◆ Record extracts:
━━━━━━━━
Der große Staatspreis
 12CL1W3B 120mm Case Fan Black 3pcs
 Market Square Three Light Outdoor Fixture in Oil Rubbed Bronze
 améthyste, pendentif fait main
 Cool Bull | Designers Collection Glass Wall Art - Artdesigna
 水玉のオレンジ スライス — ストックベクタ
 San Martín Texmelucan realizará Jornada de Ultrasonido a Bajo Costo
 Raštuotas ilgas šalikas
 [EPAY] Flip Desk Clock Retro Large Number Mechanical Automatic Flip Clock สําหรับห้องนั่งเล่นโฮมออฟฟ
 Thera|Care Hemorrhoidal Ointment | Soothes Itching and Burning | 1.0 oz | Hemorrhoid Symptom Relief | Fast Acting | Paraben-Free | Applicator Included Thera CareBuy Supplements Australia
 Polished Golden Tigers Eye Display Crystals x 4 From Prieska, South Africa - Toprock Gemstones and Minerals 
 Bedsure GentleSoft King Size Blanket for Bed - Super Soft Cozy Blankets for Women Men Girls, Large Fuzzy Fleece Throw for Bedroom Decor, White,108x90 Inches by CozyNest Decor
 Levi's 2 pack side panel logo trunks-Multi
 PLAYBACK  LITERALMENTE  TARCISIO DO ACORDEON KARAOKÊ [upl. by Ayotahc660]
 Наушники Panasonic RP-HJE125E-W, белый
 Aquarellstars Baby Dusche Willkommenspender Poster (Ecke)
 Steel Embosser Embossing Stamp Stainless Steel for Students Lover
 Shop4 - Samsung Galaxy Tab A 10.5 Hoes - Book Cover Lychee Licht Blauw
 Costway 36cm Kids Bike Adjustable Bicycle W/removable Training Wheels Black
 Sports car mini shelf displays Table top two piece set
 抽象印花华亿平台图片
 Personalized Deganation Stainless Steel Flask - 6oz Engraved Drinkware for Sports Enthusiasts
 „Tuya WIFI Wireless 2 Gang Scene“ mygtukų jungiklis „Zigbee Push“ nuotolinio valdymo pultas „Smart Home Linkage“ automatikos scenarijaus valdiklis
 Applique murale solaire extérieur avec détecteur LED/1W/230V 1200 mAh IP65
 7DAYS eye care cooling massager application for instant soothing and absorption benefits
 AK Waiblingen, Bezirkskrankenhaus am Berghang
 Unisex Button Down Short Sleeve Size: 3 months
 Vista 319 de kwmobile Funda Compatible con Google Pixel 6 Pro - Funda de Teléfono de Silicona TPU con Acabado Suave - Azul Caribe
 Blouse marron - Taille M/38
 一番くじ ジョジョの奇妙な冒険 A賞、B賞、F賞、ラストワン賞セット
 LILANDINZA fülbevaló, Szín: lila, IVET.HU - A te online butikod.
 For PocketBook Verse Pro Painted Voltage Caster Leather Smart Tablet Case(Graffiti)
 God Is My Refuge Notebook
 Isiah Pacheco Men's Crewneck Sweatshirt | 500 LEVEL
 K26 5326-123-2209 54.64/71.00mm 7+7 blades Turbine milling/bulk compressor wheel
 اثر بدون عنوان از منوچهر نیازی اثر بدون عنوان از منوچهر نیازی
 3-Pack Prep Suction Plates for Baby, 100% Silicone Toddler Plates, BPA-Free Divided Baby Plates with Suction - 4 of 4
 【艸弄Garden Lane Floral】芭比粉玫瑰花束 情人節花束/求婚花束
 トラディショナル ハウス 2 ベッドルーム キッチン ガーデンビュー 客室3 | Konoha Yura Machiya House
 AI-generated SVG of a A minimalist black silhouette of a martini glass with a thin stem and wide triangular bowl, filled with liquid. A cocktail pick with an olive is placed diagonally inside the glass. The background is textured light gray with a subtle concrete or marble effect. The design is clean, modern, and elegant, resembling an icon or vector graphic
━━━━━━━━
◆ Task details: Only one stretch of the records above is wanted: the lines between the one holding "水玉のオレンジ スライス — ストックベクタ" and the one holding "Polished Golden Tigers", inclusive, reproduced exactly.

◆ Solved exercise:
 水玉のオレンジ スライス — ストックベクタ
 San Martín Texmelucan realizará Jornada de Ultrasonido a Bajo Costo
 Raštuotas ilgas šalikas
 [EPAY] Flip Desk Clock Retro Large Number Mechanical Automatic Flip Clock สําหรับห้องนั่งเล่นโฮมออฟฟ
 Thera|Care Hemorrhoidal Ointment | Soothes Itching and Burning | 1.0 oz | Hemorrhoid Symptom Relief | Fast Acting | Paraben-Free | Applicator Included Thera CareBuy Supplements Australia
 Polished Golden Tigers Eye Display Crystals x 4 From Prieska, South Africa - Toprock Gemstones and Minerals 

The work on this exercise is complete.